Myriem Akheddiou : Être actrice était une évidence, mais je ne savais pas si je voulais être au théâtre ou au cinéma.
C.: Est-ce que vous vous attendiez à ce que vous avez découvert dans le milieu professionnel?
M. A.: J’avais un peu le sentiment de ne pas être tout à fait à ma place dans le travail. Pendant les années où j’ai fait du théâtre, j’ai vécu d’incroyables expériences humaines, collectives, de camaraderie, mais j’ai eu pas mal de frustrations par rapport à ce qu’on me demandait de produire, et ce, sans responsabiliser les autres. Je me demandais si c’était vraiment fait pour moi. Je me disais qu’il y avait moyen de faire autrement, de faire mieux. C’était comme si j’attendais quelque chose que je ne trouvais pas pour diverses raisons. Je crois que j’avais foi en une forme d’authenticité dans le jeu la plus absolue. Je n’arrivais pas tout à fait à la trouver en faisant du théâtre. Comme le théâtre demande de la vérité, mais aussi de l’amplification, une forme de tricherie, je n’arrivais pas à cela. Donc, j’ai dû faire un choix.

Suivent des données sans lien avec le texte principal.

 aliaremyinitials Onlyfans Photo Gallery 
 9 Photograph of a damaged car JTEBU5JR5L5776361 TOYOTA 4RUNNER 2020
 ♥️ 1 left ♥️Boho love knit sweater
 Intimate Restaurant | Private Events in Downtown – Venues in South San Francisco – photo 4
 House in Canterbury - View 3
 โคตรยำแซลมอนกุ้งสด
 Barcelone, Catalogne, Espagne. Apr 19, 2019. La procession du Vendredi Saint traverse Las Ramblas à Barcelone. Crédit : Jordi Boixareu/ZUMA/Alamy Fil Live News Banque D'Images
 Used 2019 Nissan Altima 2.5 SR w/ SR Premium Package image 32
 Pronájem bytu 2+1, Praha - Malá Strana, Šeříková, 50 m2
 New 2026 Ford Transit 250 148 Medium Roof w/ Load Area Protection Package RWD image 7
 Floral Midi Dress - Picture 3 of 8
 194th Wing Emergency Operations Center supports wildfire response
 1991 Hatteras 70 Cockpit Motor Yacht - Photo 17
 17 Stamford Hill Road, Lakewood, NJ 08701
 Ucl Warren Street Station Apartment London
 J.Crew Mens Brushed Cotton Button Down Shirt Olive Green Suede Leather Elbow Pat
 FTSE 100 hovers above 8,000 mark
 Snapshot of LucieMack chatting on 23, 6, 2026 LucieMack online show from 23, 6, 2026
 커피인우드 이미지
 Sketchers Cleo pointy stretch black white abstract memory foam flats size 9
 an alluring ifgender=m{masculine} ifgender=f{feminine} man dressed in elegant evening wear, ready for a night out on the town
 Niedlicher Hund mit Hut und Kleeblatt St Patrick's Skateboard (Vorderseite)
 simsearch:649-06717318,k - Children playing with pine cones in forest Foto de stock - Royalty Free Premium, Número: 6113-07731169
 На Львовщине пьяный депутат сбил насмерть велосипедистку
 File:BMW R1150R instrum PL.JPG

C.: Comment êtes-vous arrivée au cinéma?
M. A.: J’ai fait une expérience de jeu caméra au Conservatoire et qui m’avait plu. Le réalisateur, Alexis Van Stratum m’a dit que ça m’allait très bien. Je n’en ai pas fait après, j’y pensais, mais je ne me suis pas donné les moyens de le faire. Mon partenaire, Fabrizio Rongione, est acteur et a des amis dans le cinéma qui m’ont proposé une participation dans leur film. Je pense à Une part d’ombre de Samuel Tilman qui m’a confié un rôle secondaire. Ce film a été une expérience très agréable pour moi et a été bien reçu. Il y a eu aussi un rôle secondaire dans Le Jeune Ahmed pour lequel j’ai reçu un Magritte. J’ai eu de la chance.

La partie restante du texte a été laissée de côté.